Pertunjukan ini dipersembahkan oleh sanggar Spotlight Academy USA, yang menampilkan beragam tarian tradisional dari berbagai daerah di Indonesia. Mulai dari tari Saman (Aceh), Zapin (Riau), Puspanjali (Bali), Enggang Gading (Kalimantan Timur), Kembang Tanjung (Jawa Barat), hingga Lenggang Nyai (Jakarta). Acara ditutup dengan sesi interaktif tari Kecak dari Bali, di mana penonton diajak turut serta menari bersama.

Kuasa Usaha Ad Interim KBRI Washington, DC, Ida Bagus Made Bimantara, turut hadir dan menyatakan kekagumannya. “Melalui seni tari, musik, dan budaya, Spotlight telah menjadi duta Indonesia di AS,” ujarnya.

Anggota Spotlight Academy USA berasal dari berbagai kalangan, mulai dari pelajar sekolah dasar hingga profesional muda diaspora Indonesia. Nila Febrianti, salah satu anggota yang tengah magang di AS, mengaku bahwa bergabung dengan sanggar ini mempererat hubungan batinnya dengan budaya Indonesia. “Aku merasa semakin terkoneksi dengan budaya Indonesia,” tuturnya.
Pendiri sekaligus pengajar Spotlight Academy USA, Mouriena Amalia, menyampaikan harapannya agar acara ini menjadi jembatan budaya. “Kami ingin memperkenalkan budaya Indonesia, tidak hanya kepada komunitas Indonesia agar lebih mencintai dan menghargai warisan budayanya, tetapi juga kepada masyarakat Amerika dan internasional agar mereka turut merasakan dan menghargai budaya kita,” jelasnya.

Selain pertunjukan tari, acara ini juga dimeriahkan oleh penampilan musik dari Punokawan Project, serta menyajikan kuliner khas Indonesia seperti martabak dan bolu kukus. Lebih dari 100 orang menghadiri acara ini, dan seluruh tiket yang dijual seharga $10 ludes terjual—menandakan antusiasme masyarakat yang tinggi.
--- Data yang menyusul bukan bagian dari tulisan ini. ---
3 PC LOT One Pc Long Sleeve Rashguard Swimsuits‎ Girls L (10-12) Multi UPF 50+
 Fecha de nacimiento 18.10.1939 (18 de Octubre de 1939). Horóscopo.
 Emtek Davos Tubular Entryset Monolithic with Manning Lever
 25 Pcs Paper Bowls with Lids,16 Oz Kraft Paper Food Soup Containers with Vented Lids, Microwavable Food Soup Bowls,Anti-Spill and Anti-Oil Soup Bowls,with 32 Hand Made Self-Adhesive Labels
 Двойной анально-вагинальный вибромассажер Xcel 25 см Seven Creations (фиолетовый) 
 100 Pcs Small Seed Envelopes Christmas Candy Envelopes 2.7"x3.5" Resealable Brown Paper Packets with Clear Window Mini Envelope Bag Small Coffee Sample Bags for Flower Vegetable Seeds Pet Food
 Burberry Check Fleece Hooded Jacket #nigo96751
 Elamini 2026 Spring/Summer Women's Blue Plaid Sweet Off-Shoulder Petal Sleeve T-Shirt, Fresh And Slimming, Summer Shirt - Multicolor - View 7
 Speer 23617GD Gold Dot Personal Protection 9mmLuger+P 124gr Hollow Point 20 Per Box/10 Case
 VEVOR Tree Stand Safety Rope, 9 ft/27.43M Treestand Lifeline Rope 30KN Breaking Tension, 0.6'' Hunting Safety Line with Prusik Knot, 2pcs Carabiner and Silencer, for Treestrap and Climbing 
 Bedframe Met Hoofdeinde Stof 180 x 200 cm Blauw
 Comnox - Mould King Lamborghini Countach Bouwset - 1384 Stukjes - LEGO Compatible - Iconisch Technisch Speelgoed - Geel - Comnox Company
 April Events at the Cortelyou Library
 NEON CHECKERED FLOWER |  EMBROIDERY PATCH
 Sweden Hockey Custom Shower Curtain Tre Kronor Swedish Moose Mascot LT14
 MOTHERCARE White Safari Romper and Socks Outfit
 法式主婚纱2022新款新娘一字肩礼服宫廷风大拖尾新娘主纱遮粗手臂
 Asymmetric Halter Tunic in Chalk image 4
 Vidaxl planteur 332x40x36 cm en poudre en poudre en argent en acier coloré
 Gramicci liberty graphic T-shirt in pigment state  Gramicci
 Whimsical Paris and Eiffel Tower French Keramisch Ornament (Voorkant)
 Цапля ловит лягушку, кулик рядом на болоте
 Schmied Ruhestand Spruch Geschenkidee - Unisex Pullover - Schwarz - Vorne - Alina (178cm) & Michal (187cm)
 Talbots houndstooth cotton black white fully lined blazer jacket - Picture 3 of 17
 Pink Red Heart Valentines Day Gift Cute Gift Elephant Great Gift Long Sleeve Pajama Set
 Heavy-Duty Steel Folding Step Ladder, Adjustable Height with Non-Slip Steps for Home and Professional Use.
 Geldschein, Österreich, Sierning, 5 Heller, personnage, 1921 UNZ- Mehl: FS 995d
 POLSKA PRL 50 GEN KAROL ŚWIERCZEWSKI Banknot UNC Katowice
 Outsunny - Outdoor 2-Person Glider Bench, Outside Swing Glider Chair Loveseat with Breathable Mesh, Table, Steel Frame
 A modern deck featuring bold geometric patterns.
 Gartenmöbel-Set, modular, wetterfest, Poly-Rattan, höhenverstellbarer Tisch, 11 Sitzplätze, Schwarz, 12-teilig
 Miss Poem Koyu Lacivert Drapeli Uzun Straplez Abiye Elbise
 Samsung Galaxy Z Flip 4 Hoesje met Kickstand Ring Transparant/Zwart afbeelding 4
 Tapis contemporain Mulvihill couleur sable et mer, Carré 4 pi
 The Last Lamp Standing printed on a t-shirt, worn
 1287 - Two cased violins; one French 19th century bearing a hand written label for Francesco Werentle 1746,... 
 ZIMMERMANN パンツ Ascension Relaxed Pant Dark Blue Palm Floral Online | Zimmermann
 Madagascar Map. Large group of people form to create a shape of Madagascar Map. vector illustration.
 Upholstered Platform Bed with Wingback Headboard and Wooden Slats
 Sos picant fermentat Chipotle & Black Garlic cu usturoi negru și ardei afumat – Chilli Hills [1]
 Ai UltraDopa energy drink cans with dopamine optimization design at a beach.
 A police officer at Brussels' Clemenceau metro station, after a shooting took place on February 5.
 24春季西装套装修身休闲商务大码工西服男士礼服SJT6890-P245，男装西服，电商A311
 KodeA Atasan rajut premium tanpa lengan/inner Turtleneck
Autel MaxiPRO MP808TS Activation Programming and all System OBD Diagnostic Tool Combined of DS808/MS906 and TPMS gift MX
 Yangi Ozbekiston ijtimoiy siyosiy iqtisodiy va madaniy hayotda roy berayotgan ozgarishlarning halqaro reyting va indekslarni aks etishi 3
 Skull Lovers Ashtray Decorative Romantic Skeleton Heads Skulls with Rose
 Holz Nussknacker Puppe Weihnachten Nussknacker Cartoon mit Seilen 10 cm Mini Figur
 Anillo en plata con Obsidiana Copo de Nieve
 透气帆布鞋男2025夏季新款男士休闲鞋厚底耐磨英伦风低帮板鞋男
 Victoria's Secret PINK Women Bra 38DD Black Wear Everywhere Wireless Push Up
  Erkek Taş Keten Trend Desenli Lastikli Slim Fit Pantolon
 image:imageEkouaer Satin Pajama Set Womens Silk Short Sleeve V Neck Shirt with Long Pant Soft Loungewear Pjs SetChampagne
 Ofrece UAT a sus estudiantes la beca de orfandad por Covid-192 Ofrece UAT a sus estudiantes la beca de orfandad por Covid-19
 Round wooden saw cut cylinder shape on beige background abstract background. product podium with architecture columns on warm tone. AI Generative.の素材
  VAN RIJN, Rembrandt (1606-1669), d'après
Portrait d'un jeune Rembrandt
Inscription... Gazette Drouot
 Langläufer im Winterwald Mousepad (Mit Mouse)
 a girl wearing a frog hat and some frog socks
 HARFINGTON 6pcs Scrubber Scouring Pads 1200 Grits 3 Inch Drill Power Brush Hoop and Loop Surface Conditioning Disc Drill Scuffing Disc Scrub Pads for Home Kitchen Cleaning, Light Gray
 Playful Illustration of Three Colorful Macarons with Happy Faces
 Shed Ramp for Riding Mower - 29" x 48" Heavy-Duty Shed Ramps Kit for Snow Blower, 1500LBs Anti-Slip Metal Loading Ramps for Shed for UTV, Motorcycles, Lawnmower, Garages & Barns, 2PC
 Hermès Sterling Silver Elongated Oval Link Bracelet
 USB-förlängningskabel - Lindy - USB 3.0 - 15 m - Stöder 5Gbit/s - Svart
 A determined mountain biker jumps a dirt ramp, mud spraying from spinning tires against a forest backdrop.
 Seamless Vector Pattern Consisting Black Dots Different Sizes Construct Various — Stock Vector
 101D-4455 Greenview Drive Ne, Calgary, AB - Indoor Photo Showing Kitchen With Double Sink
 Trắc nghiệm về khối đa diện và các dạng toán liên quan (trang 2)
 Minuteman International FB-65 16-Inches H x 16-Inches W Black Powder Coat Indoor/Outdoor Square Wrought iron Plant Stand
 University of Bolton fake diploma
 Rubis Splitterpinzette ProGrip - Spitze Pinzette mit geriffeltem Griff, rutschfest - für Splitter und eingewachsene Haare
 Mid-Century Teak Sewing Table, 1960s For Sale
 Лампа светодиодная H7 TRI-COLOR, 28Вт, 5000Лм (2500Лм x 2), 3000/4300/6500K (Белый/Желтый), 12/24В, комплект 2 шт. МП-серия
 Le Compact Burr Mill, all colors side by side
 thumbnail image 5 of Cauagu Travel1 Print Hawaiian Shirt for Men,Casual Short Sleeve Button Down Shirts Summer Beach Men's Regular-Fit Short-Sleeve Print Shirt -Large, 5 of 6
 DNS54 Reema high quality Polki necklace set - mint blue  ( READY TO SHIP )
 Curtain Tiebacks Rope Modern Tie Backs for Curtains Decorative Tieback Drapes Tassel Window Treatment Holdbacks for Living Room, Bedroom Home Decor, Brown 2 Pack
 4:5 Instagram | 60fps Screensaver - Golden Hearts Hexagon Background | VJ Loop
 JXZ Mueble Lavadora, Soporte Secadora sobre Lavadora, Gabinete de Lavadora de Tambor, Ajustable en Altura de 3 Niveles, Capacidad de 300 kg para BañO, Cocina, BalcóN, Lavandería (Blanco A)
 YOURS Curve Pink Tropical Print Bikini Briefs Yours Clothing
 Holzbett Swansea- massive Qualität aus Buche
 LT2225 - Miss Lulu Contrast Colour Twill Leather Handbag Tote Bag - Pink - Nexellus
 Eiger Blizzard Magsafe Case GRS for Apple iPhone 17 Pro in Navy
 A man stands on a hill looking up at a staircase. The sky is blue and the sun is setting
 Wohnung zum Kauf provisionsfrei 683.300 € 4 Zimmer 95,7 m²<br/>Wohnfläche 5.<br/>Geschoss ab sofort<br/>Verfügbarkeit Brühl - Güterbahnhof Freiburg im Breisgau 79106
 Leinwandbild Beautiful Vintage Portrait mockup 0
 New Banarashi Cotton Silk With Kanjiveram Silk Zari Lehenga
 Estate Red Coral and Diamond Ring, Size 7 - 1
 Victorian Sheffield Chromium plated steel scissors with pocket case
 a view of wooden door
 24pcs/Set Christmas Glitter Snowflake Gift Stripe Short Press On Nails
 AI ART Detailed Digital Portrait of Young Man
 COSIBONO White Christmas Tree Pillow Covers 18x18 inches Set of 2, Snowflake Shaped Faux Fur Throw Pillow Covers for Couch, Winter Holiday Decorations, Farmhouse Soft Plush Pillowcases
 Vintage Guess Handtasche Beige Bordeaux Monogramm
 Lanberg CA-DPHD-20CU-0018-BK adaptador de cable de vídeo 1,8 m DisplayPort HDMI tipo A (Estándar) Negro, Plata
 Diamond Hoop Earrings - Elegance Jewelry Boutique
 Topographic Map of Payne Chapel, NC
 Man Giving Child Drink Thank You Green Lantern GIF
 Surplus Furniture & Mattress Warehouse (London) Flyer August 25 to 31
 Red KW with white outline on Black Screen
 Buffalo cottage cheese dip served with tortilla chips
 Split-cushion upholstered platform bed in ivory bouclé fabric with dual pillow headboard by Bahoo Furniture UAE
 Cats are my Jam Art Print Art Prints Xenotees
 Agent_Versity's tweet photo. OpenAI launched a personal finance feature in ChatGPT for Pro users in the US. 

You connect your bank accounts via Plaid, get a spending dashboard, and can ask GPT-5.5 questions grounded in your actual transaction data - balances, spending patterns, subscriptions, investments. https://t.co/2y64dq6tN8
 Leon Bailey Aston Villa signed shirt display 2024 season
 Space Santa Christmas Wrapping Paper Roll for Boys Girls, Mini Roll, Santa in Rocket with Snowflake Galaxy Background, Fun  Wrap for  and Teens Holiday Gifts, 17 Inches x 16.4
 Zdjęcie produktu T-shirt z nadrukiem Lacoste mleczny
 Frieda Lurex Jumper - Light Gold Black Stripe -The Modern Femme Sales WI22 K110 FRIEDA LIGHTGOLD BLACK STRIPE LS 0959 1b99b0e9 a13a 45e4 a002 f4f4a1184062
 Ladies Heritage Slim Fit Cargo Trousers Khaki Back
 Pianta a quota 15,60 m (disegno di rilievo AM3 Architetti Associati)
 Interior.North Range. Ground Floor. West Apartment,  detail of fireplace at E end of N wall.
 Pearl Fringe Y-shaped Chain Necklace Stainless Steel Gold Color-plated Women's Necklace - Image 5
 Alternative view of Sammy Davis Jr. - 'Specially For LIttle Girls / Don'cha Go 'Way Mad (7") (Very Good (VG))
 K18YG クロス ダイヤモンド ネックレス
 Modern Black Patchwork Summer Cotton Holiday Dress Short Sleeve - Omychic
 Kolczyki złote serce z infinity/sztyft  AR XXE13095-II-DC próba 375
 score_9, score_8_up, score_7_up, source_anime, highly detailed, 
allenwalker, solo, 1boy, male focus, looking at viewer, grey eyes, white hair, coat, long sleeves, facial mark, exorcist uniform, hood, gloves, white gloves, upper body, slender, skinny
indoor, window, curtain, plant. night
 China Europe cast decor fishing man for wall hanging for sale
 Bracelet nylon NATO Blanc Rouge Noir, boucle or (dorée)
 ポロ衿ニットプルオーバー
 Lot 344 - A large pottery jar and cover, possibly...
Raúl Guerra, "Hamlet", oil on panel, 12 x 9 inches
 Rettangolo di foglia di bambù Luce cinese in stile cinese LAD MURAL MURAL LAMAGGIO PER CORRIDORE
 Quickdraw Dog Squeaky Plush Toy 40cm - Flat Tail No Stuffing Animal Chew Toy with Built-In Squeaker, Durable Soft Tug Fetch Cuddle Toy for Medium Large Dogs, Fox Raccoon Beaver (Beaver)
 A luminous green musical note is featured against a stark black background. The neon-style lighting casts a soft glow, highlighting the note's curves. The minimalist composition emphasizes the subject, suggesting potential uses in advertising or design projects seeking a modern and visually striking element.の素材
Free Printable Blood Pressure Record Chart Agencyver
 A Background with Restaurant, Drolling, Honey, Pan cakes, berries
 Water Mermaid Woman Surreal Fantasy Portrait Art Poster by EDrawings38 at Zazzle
Koordinator Program Komunitas Museum Sandy Spring, Brigid Miller, menyambut baik kolaborasi ini. “Kami ingin membantu masyarakat memahami budaya baru, mempelajari hal-hal baru, mencicipi makanan baru, dan menikmati pertunjukan yang berbeda,” katanya.
Acara ini menjadi bukti bahwa seni dan budaya memiliki kekuatan untuk menjembatani perbedaan dan membangun kebersamaan. Seorang penonton, Askar Sasongkojati, menyampaikan harapannya, “Semoga ke depannya Spotlight Academy bisa terus melestarikan budaya Indonesia dan menjaga semangat kebersamaan.”